- Given records -
'''
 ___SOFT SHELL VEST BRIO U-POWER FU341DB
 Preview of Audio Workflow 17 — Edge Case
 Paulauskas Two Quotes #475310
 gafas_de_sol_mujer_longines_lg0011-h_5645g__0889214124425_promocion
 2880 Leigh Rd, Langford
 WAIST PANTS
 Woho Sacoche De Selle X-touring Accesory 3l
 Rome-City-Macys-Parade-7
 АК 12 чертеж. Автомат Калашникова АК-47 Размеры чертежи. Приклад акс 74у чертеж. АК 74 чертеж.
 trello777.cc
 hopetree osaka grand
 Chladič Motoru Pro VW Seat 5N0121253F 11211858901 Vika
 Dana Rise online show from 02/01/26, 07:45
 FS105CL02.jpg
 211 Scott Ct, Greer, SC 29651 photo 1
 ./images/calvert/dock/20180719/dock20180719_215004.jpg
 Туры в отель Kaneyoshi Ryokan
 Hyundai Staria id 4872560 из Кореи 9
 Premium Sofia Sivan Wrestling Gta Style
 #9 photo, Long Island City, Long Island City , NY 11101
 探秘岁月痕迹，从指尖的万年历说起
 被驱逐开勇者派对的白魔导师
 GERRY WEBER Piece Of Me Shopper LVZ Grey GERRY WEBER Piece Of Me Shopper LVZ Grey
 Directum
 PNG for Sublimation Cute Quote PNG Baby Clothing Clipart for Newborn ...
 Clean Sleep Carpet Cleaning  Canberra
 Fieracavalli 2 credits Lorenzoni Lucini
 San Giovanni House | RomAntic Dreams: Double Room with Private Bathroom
'''
- Problem -
Restate word for word the entries above, starting at the line with "GERRY WEBER Piece Of Me Shopper LVZ Grey GERRY" and ending at the line with "Fieracavalli 2 credits Lorenzoni Lucini", inclusive, and no others.

- Task output -
 GERRY WEBER Piece Of Me Shopper LVZ Grey GERRY WEBER Piece Of Me Shopper LVZ Grey
 Directum
 PNG for Sublimation Cute Quote PNG Baby Clothing Clipart for Newborn ...
 Clean Sleep Carpet Cleaning  Canberra
 Fieracavalli 2 credits Lorenzoni Lucini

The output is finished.